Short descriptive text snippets

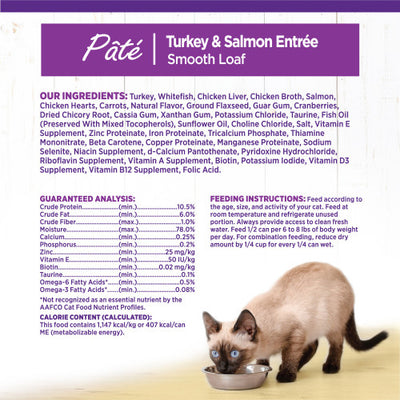 Wellness Complete Health Pate Turkey & Salmon Entree 85g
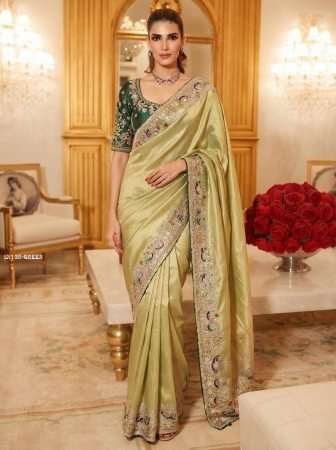Beautiful Kanjivaram Saree With Sequins Work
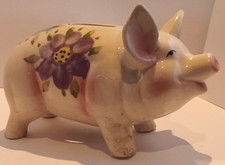 Cochon Tirelire Porcelaine Vintage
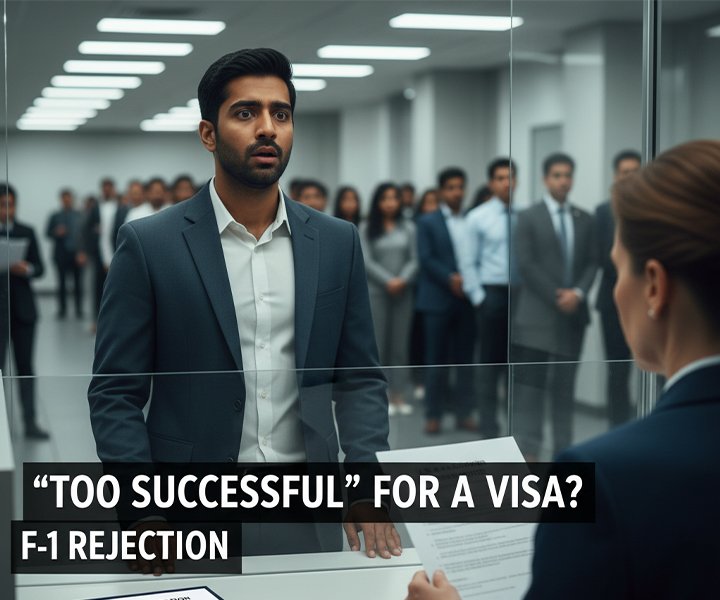‘Too Successful’ for a Visa? Indian Professional Shares Honest Experience of F-1 Rejection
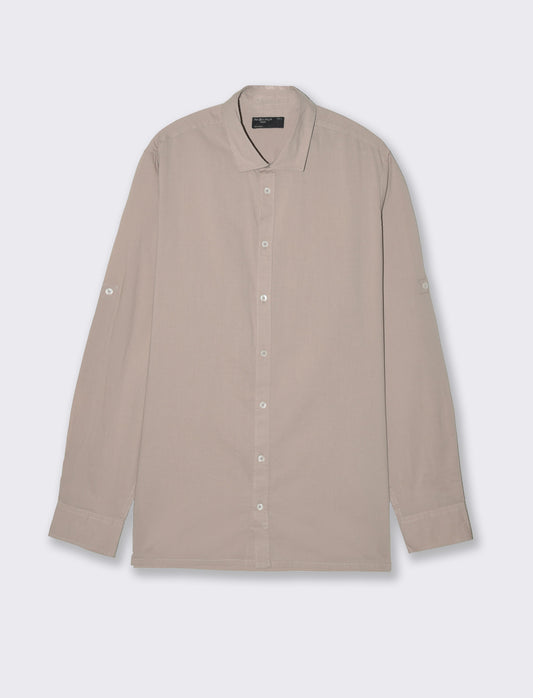 Man's voile shirt for effortless style - Beige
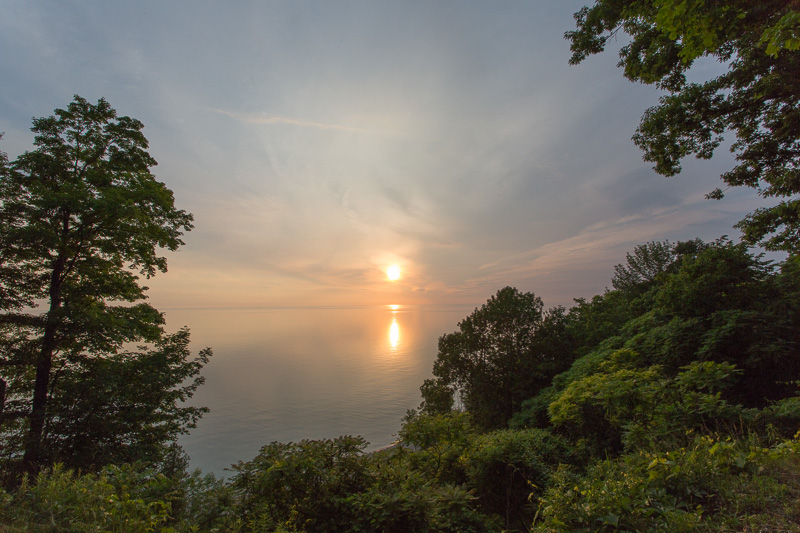 Sunset Over Lake Huron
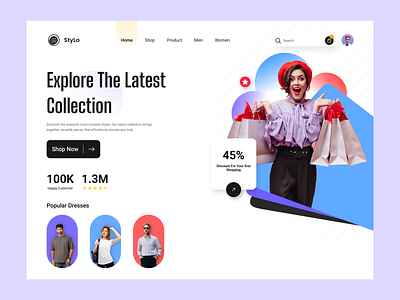 Fashion Website Design Concept fashion ui fashion web design fashion website figma design mobile app ui ui design ui design trends uiux design user interface user research ux ux design ux research website design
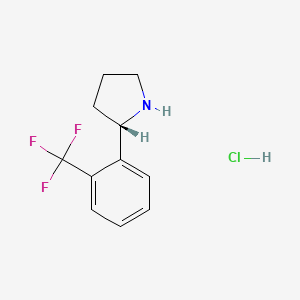 (s)-2-(2-(Trifluoromethyl)phenyl)pyrrolidine hydrochloride
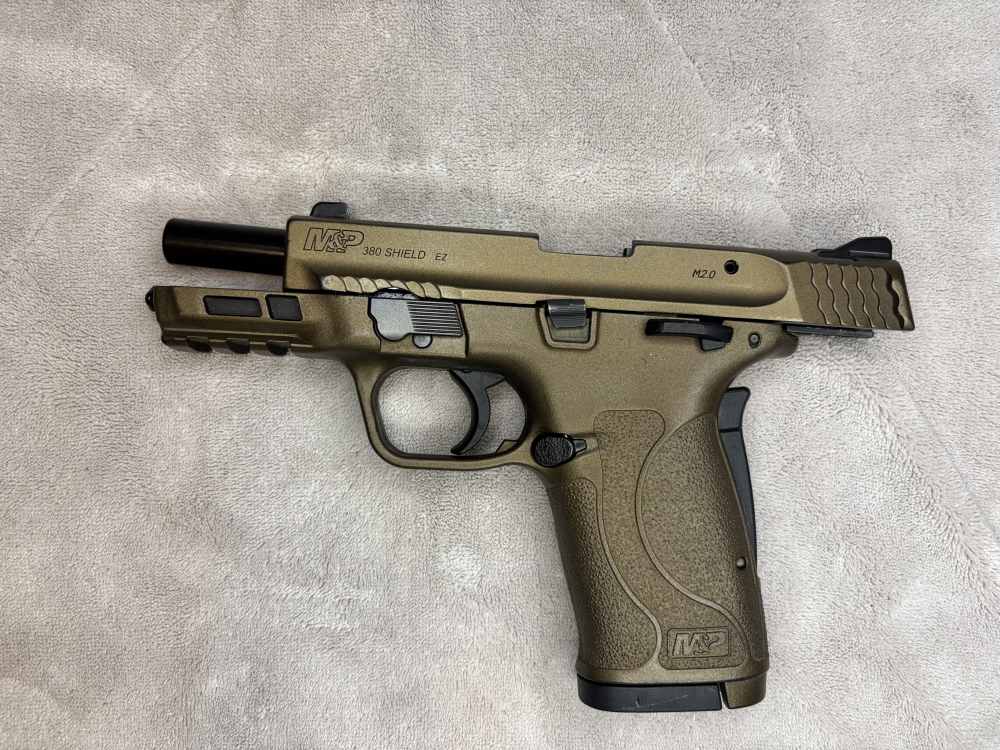 Smith & Wesson M&P380 Shield EZ  Burnt Bronze Cerakote finish -img-2
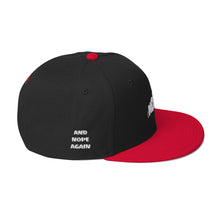Load image into Gallery viewer, Mens Nope Snapback Hat-Black/Red&Black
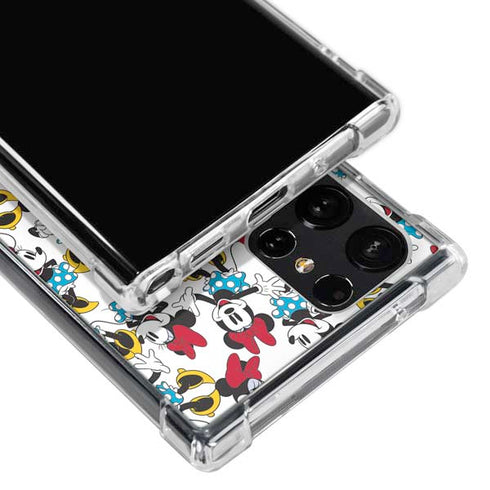 Disney Minnie Mouse Rockin Minnie Pattern Galaxy S23 Ultra Clear Case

» **Activity**:
Nothing but the lines from the one containing "Smith & Wesson" through the final line of the records, both included and copied exactly, should appear in the answer; pictures stay out.

» **Solution to this task**:
 Smith & Wesson M&P380 Shield EZ  Burnt Bronze Cerakote finish -img-2
Load image into Gallery viewer, Mens Nope Snapback Hat-Black/Red&Black
 Disney Minnie Mouse Rockin Minnie Pattern Galaxy S23 Ultra Clear Case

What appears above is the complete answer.